Bump sglang from 0.5.3.post3 to 0.5.10rc0 by dependabot[bot] · Pull Request #7 · eBay/spec_dec

dependabot · 2026-05-08T18:56:39Z

Bumps sglang from 0.5.3.post3 to 0.5.10rc0.

Release notes

v0.5.10rc0

Highlights

Piecewise CUDA Graph Enabled by Default: Piecewise CUDA graph capture is now the default execution mode, reducing memory overhead and improving throughput for models with complex control flow patterns: #16331

Elastic EP for Partial Failure Tolerance: Integrate Elastic NIXL-EP into SGLang, enabling partial failure tolerance for DeepSeek MoE deployments — when a GPU fails, the system redistributes expert weights and continues serving without full restart: #19248, #17374, #12068 blog

HiSparse for Sparse Attention: Integrate HiSparse sparse attention backend for efficient long-context inference with reduced compute through sparsity-aware attention: #20343

SGLang-Diffusion Update:

Model support: LTX-2, Hunyuan3D-2, Helios

Performance improvements on Qwen-image, Z-image increased by 1.5x

New platform: macOS

New feature: enhance the performance of diffusers backend by integrating all optimization from Cache-DiT

SKILLs: feel free to explore the curated skill for developing and optimizing sglang-diffusion!

FlashInfer MXFP8 Kernel Support: Integrate FlashInfer mxfp8 kernels for GEMM and MoE operations, enabling mixed-precision FP8 inference with higher accuracy through microscaling for RL and general workloads: #19537

Transformers 5.3.0 Upgrade: Major upgrade from transformers 4.57.1 to 5.3.0, unlocking support for the latest model architectures and features from HuggingFace.

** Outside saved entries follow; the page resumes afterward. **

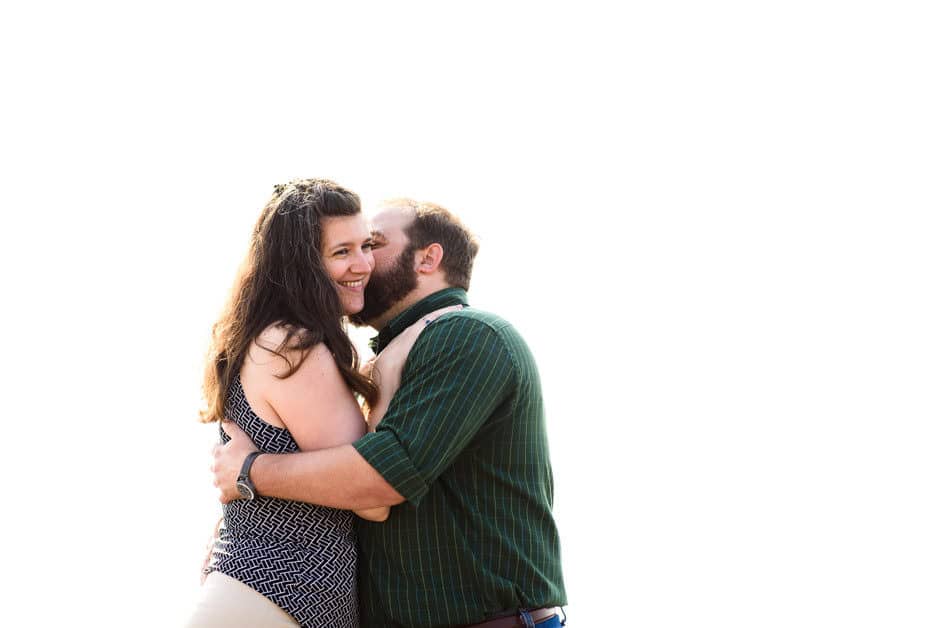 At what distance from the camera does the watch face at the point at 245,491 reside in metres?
2.93

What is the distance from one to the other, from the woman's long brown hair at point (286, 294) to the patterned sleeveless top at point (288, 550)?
128 millimetres

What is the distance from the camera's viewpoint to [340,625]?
9.88 feet

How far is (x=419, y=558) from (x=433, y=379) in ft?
1.73

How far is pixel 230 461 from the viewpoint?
3002 millimetres

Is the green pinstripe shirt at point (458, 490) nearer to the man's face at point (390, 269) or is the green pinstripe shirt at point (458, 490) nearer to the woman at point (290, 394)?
the woman at point (290, 394)

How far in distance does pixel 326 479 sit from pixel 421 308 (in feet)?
2.51

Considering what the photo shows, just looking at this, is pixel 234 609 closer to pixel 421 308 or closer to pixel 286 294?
pixel 286 294

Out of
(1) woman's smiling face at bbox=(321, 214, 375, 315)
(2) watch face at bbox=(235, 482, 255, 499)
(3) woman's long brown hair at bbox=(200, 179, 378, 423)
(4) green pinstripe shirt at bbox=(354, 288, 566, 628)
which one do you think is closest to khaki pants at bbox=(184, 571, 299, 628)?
(2) watch face at bbox=(235, 482, 255, 499)

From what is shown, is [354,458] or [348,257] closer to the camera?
[354,458]

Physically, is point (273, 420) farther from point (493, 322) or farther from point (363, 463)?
point (493, 322)

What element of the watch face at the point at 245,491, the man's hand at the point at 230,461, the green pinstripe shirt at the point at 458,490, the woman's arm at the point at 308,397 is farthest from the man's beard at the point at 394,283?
the watch face at the point at 245,491

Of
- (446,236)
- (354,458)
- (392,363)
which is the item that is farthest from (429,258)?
(354,458)

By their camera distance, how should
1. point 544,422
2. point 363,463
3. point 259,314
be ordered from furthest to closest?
point 544,422 → point 259,314 → point 363,463

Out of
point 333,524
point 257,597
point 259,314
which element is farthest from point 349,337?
point 257,597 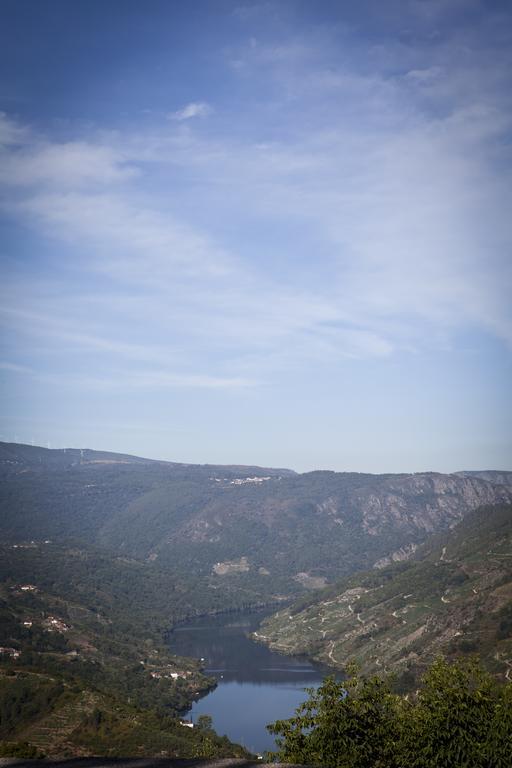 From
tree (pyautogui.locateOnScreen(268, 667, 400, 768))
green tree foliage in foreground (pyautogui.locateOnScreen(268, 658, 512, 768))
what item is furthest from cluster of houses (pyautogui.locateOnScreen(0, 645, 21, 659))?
green tree foliage in foreground (pyautogui.locateOnScreen(268, 658, 512, 768))

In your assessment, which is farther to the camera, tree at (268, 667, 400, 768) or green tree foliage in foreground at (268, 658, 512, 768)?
tree at (268, 667, 400, 768)

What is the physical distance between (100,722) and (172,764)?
11952cm

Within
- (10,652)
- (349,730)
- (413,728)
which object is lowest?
(10,652)

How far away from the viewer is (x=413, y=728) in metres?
36.3

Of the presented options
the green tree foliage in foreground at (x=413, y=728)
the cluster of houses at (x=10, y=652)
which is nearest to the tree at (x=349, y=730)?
the green tree foliage in foreground at (x=413, y=728)

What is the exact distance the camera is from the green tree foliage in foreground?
111 ft

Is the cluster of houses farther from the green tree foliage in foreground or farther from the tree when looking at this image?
the green tree foliage in foreground

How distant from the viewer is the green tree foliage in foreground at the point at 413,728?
33688mm

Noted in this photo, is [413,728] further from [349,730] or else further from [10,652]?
[10,652]

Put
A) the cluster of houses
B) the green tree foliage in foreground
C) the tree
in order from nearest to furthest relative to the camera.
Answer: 1. the green tree foliage in foreground
2. the tree
3. the cluster of houses

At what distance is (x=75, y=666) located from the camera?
18375cm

GLM-5 model is now supported in this image instead of the custom built image: #17784

DeepSeek V3.2 / GLM-5 Optimization: GLM-5 runnable on main branch (with upgraded transformers). Fused Triton kernel for prefill KV cache fetching, NSA fuse store indexer for K cache, and configurable KV length threshold for sparse MLA attention at prefill — boosting throughput for long-context DeepSeek V3.2 and GLM-5 serving: #19319, #19148, #20062

Qwen3.5 GDN/KDA Optimization: Transpose linear attention state layout from [N, HV, K, V] to [N, HV, V, K] and fuse split/reshape/cat ops in GDN projection with Triton kernel, plus CuTeDSL KDA decode kernel support for improved Qwen3.5 performance: #20283, #21019, #21203

LoRA Support for MoE Layers: Add LoRA fine-tuning support for Mixture-of-Experts layers with JIT alignment kernels, fused Triton kernels, TP support, and auto-detection of LoRA target modules — enabling efficient adapter-based tuning on MoE models like DeepSeek: #19710, #19711, #14105, #21439

Prefill Context Parallel for MHA (Qwen3): Enable context parallelism during prefill for multi-head attention models like Qwen3 MoE, distributing long sequences across GPUs to reduce per-GPU memory and accelerate prefill: #18233

Flash Attention 4 Official Library Support: Upgrade to the official FlashAttention 4 package, bringing the latest attention optimizations and Blackwell GPU support: #20303

sglang-kernel 0.4.0: Major kernel package release with renamed package (sgl-kernel → sglang-kernel), consolidated kernels, and cleanup of deprecated ops: #20440

Native MLX Backend for Apple Silicon: Add native MLX execution backend enabling SGLang to run inference directly on Apple Silicon Macs without CUDA: #20342

New Model Support

Nemotron-3-Super (bf16/fp8/nvfp4): #20407, cookbook

Mistral Small 4 (Pixtral): #20708

GLM-5: Supported on main branch with transformers 5.3.0

Helios (Diffusion - Real-Time Long Video Generation): #19782

Hunyuan3D-2 (Diffusion): #18170

LTX-2 (Diffusion): #19295

MOVA (Diffusion): #19489, #20430

FireRed-Image-Edit (Diffusion): #20862

DeepSeek V3.2 / GLM-5 Optimization

Fused get_k_and_s Triton kernel for prefill KV cache fetching: #19319

Support NSA fuse store indexer K cache: #19148

SGLANG_NSA_DENSE_ATTN_KV_LEN_THRESHOLD environ for controlling KV length threshold of applying sparse MLA attention kernel at prefill: #20062

Change default setting of V3.2 nvfp4 on TP4: #20086

Fix NSA topk_indices_offset when prefill flashmla_sparse is used with FP8 KV cache: #20606

... (truncated)

Commits

9b0c470 fix(security): replace unsafe pickle.loads with SafeUnpickler for CVE-2026-39...
192ba2c [Security] 1/N: Bind ZMQ sockets to localhost to prevent unauthenticated remo...
e3a4a09 [CI] Fix nemotron nvfp4 test estimated time (#21516)
46e3811 Remove redundant DeepSeek V3 FP4 PCG test (#21485)
7738d2b Revert "bugfix for weight loading for qwen3-next" (#21496)
2e65c27 Api add flush cache timeout (#21413)
8c3ccef Fix Kimi K2.5 dp attention+ spec decoding launch crash (#21391)
be0cca5 Use torch.addmm instead of separate mm and add_ calls for LoRA torch.native (...
e59ea4f fix: torch-native LoRA for multi-adapter case (#20564)
fb90c9d [Test] Consolidate eval accuracy test mixins into eval_accuracy_kit (#21047)
Additional commits viewable in compare view

Dependabot will resolve any conflicts with this PR as long as you don't alter it yourself. You can also trigger a rebase manually by commenting @dependabot rebase.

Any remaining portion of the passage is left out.